Monsignor Cavadini fornisce alla bambina la seconda versione, cioè le dice: "Don Cortesi ti aiutò a scrivere in italiano ciò che tu dicevi in dialetto bergamasco". E Adelaide ripete la seconda versione in assoluto contrasto con la prima.
Nel testo del verbale non leggiamo le parole suggerite da mons. Cavadini, perché solitamente vengono riportate solo le risposte di Adelaide. Tuttavia, che questa fosse l'interpretazione delle parole di Adelaide fatta da mons. Cavadini, appare evidente dall'interrogatorio fatto a suor Bernardetta dell'Immacolata, nella seconda seduta del tribunale. Mons. Cavadini chiede alla suora se la dettatura della lettera possa interpretarsi nel senso che lei (Adelaide) diceva in bergamasco e don Cortesi traduceva in italiano... Mons. Cavadini non accetta la testimonianza di Adelaide, nel suo genuino senso letterale e ne dà un'interpretazione che le fa dire il contrario.
Il dettato non è mai stato una traduzione da una lingua all'altra. Io ricordo quando nella scuola elementare scrivevo il dettato: la maestra leggeva un testo in lingua italiana e noi dovevamo scriverlo tale e quale nel quaderno. Questo era ed è il dettato. E tale era il senso della parola dettato anche per la bambina Adelaide Roncalli nel 1947, tanto più che aggiunse, per maggior chiarezza, se ce ne fosse stato bisogno: "mi dettava come in classe e io scrivevo.

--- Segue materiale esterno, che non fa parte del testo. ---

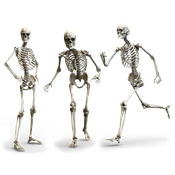 Nuestros huesos forman nuestra estructura, la denominamos esqueleto. Imagen de Parker West en Pixabay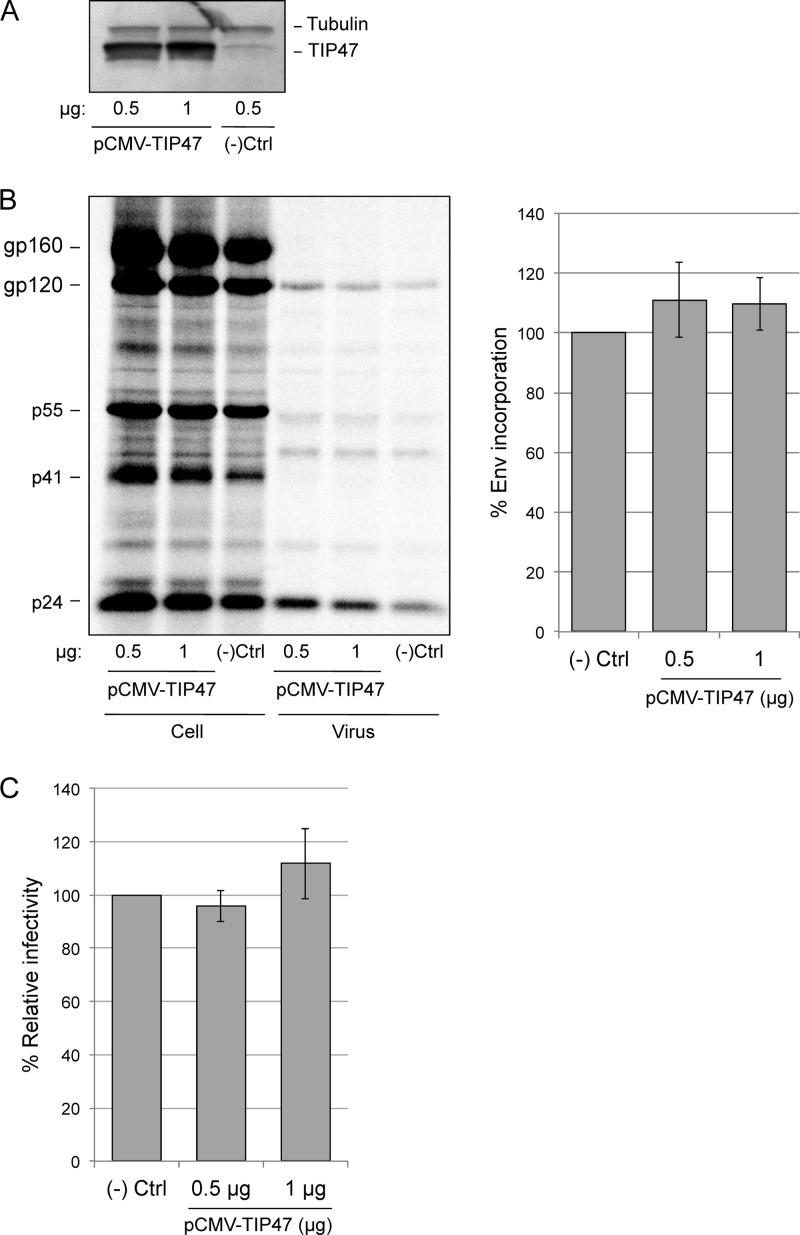 Fig 6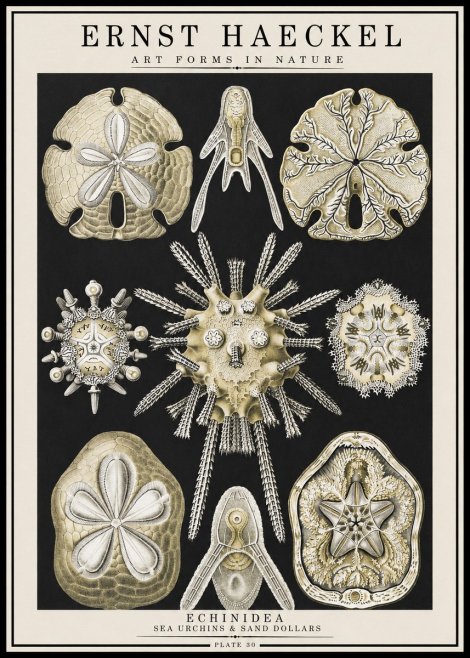 Ernst Haeckel Echinidea — Sea Urchins No4 - Póster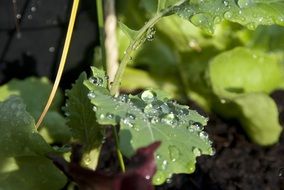 Dew on the cabbage leaves in the garden
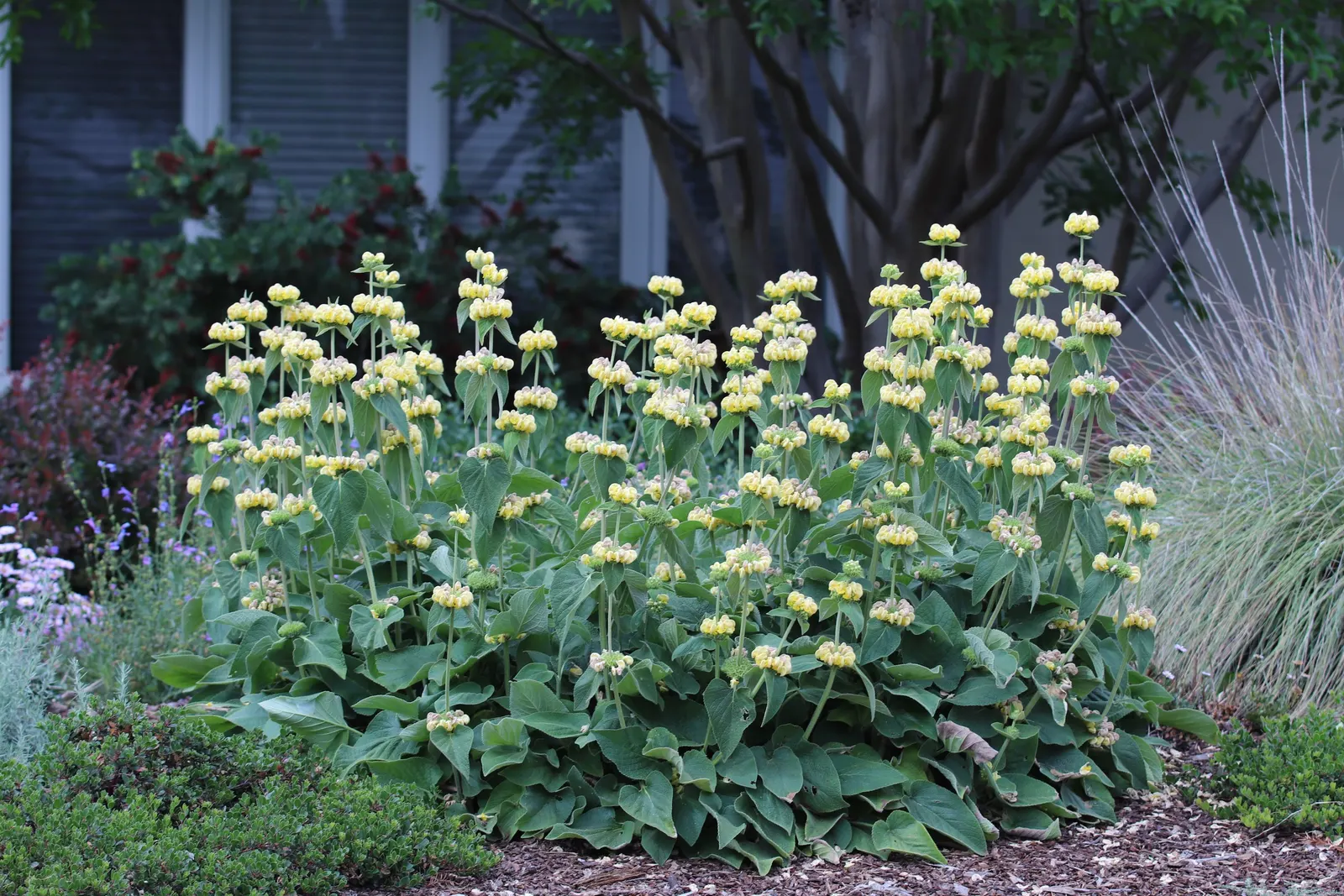 Sticky Jerusalem Sage (Phlomis russeliana) — Drought-tolerant and deer-resistant; blooming profusely in late spring to early summer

Io capivo le parole e le scrivevo". È manifesta, da parte di alcuni giudici almeno, la determinazione di non tenere in minima considerazione la testimonianza della veggente, per privilegiare sempre quella del Cortesi, quando bisognava fare il contrario.
Adelaide si comporta pressappoco come Massimino Giraud, il veggente della Salette, il quale diede a don Raymond, coadiutore del santo Curato d'Ars, la risposta che gli era abituale ogni volta che si metteva in dubbio la sua veracità: "Se volete, mettete pure che io non abbia visto nulla".